引きは強いが、謎は残る
4月6日(水)
朝早くに家を出て、新幹線で西に向かう。今回は、久しぶりに予定を詰め込んだ出張なので、自分の体調が心配である。実際、体調はいまひとつである。
着いたのは、千年の都といわれる町である。
そこから地下鉄に乗り、目的の駅で降りる。
この駅は、これまで何度となく降りた駅である。東西に走る三条通はよく歩いた。とくに通り沿いにある喫茶店は、この町を訪れるたびに利用していた。円卓状のカウンターの中で、店員さんがせわしなくコーヒーを淹れている様子は見ていても飽きなかった。
まだ約束の時間まで少しある、と思って、その喫茶店の前まで行くと、残念ながら改装工事中で、1年後に再開予定とのことだった。
しばらく界隈をうろうろしたあと、時間になったので、最初の用務先である施設に入る。
今回の打合せ、というか交渉ごとに関して、二人の方が対応してくれたが、一人は以前からの知り合い。もう一人は、初対面である。初対面の人はまだ若い。
名刺を交換すると、おもむろにこんなことを言った。
「僕の妻が、鬼瓦先生の『前の職場』の卒業生で、鬼瓦先生のことをよく知っていました」
「え!そうですか。直接教えた学生でしょうか」
「いえ、ゼミは違うのですけれど、友だちや先輩の中には、鬼瓦先生のゼミ生もいたそうです」
まったく、狭い世界である。
というか、ここでもまた、引きの強さを発揮したぞ!
しかし、不思議である。前の職場と、この場所とでは、かなり距離が離れている。
「ちなみに、ご出身はどちらですか?」
と聞くと、その方ご自身は中部地方で、その人の妻、つまり僕の「前の職場」の卒業生は、東北地方の中核都市であるという。
ますます謎である。
そもそも二人は、どうやって知り合ったのだろう。大学での専門分野も、まったく異なっている。出身大学も違うようだ。

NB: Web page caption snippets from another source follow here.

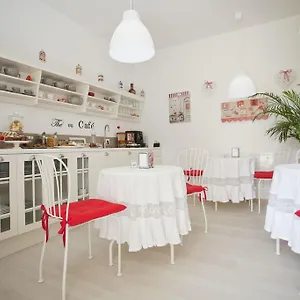 Bed & Breakfast Dimora Delle Emme Italia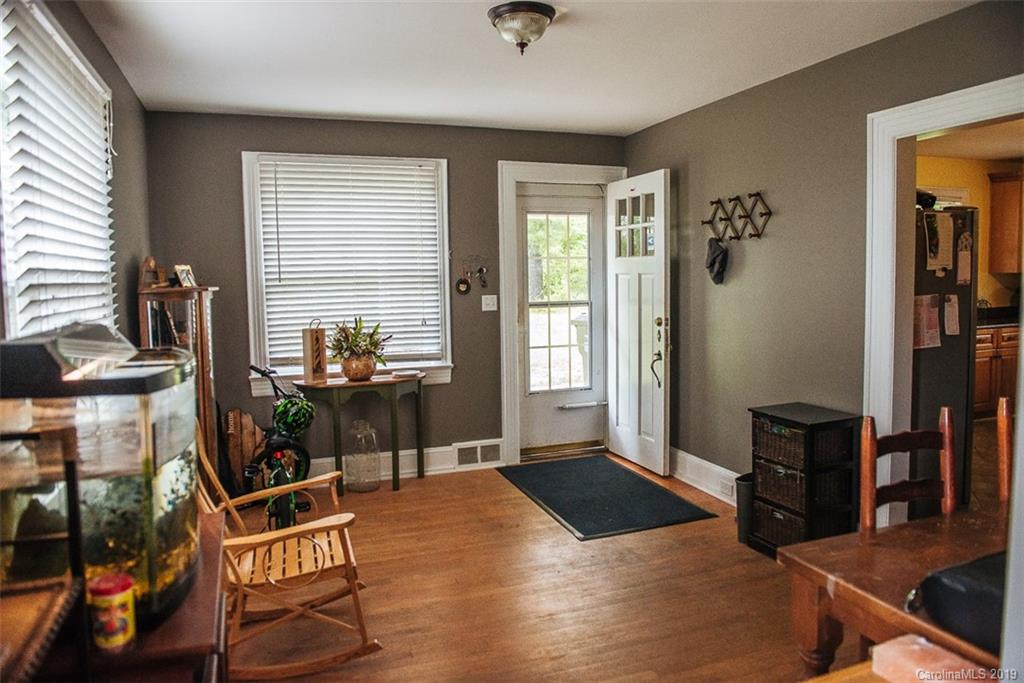 55 Hennessee Street Morganton, NC 28655 - Photo 11 of 44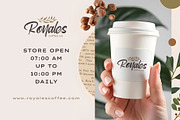 Aether Melodies - Elegant Brush Font, a Script Font by VASTARD STUDIO (Thumbnail 4 of 15)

それに、遠く離れたこの町に、どのような経緯でたどり着いたのだろう。
野次馬根性の塊である僕は、その人の人生について小一時間インタビューしたい、という衝動に駆られたが、そもそも打合せの時間が限られているし、初対面の人に突っ込んで聞く話でもないので、グッとこらえた。
打合せをしているうちに、予定していた1時間半があっという間にすぎた。
引きの強さのおかげか、非常に好意的に対応していただき、この施設をあとにした。
次に向かったところは、まったくの初対面の場所である。
僕はそもそも、人と話すのが苦手で、初対面の人ならばなおさらである。つまりはこの仕事にむいていないということなのだが、しかしそれで「お足をいただいている」(by小沢昭一)ので、仕方がない。
こちらもまた対応してくれたお二人が好意的な方だったので、うまく話が進んだ。
ひとまず初日の用務は無事に終了したのだが、今回対応していただいた4人の方は、いずれも私よりはるかに若いことに、いささかのショックを受けた。広い意味で同業者なのだが、この業界で僕は何も成し遂げていないまま無駄に年を重ねてしまったことを恥じながら、次の用務先である隣県に向かった。